Resistance level: 1.3260, 1.3310
Support level: 1.3090, 1.3080
EUR/USD , H4
The euro trades cautiously ahead of an expected ECB rate cut, with markets pricing in a dovish pivot amid soft Eurozone sentiment and trade headwinds. While dollar weakness offers a tailwind, the euro’s gains are capped by fears of a broader economic slowdown and fallout from U.S.-China tensions.With investor sentiment turning defensive that evidenced by rising allocations to gold and declining equity exposure, near-term direction will hinge on risk appetite and central bank signals.
EUR/USD remains in a strong uptrend, holding gains above the 1.1300 level after a sharp breakout. Momentum indicators are mixed; the RSI is at 59, showing room for further upside without overbought pressure, while the MACD is flat with minimal divergence, indicating a pause in momentum.

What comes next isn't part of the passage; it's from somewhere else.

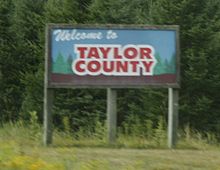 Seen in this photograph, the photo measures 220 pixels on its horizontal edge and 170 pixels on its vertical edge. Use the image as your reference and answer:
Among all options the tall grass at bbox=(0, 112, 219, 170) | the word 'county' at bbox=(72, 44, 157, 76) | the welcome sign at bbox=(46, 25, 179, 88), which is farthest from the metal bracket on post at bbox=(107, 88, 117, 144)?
the word 'county' at bbox=(72, 44, 157, 76)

Resistance level: 1.1385, 1.1450
Support level: 1.1270, 1.1180
The Dow Jones Industrial Average staged a strong rebound from its yearly low below the 37,000 mark, but now finds itself grappling with a key resistance level just below 41,000, raising concerns about a potential return of bearish momentum. Despite the recovery, market sentiment remains fragile as investors continue to monitor the escalating U.S.-China trade dispute. The situation has worsened with China instructing its domestic airlines to halt Boeing jet purchases, and the U.S. government launching possible new tariffs on critical mineral imports, widely perceived as targeting China’s industrial base. This renewed tension between the world’s two largest economies casts a shadow over the global economic outlook and is deteriorating investors’ risk appetite.
The Dow has filled the gap that was previously incurred and is yet to reach the previous high, suggesting that the Dow remains trading within its bearish trajectory. The RSI remains below the 50 level, while the MACD has a golden cross at the bottom, suggesting that the bearish momentum is easing.
Resistance level: 41740.00, 43240.00
Support level: 40000.00, 38040.00
The Japanese yen traded sideways but held steady, underpinned by safe-haven flows and the Bank of Japan’s cautious guidance. The BOJ signaled a potential pause in its tightening cycle if global trade frictions—particularly from aggressive U.S. tariffs—begin to significantly impact economic growth. However, the central bank remains hawkish in the medium term, especially when compared to its global counterparts like the Fed, ECB, and BOE, which are increasingly signaling rate cuts. This divergence continues to support the yen’s relative strength, particularly as trade war anxieties linger.
USD/JPY is trading lower following the prior breakout below the previous support level. MACD has illustrated increasing bearish momentum, while RSI is at 31, suggesting the pair might extend its losses since the RSI stays below the midline.
Resistance level: 144.15, 147.40
Support level: 140.65, 137.45
Crude oil prices, which staged a strong technical rebound recently on the back of optimism surrounding a potential tariff pause from the Trump administration, are now showing signs of waning momentum. Markets remain heavily focused on the escalating trade tensions between the U.S. and China, which continue to cloud the global economic outlook and threaten to dampen oil demand. Compounding the bearish outlook, OPEC is reportedly set to resume full production capacity in Q2, reversing previous supply curbs. The move, aimed at stabilizing the market amid shifting demand dynamics, may instead exacerbate oversupply concerns, putting further downward pressure on oil prices.
Oil prices, after performing a technical rebound, have been sideways lately, a move that could lead to a continuation of a bearish run. The RSI remains below the 50 level while the MACD is attempting to break above the zero line, suggesting that oil prices remain trading with bearish momentum.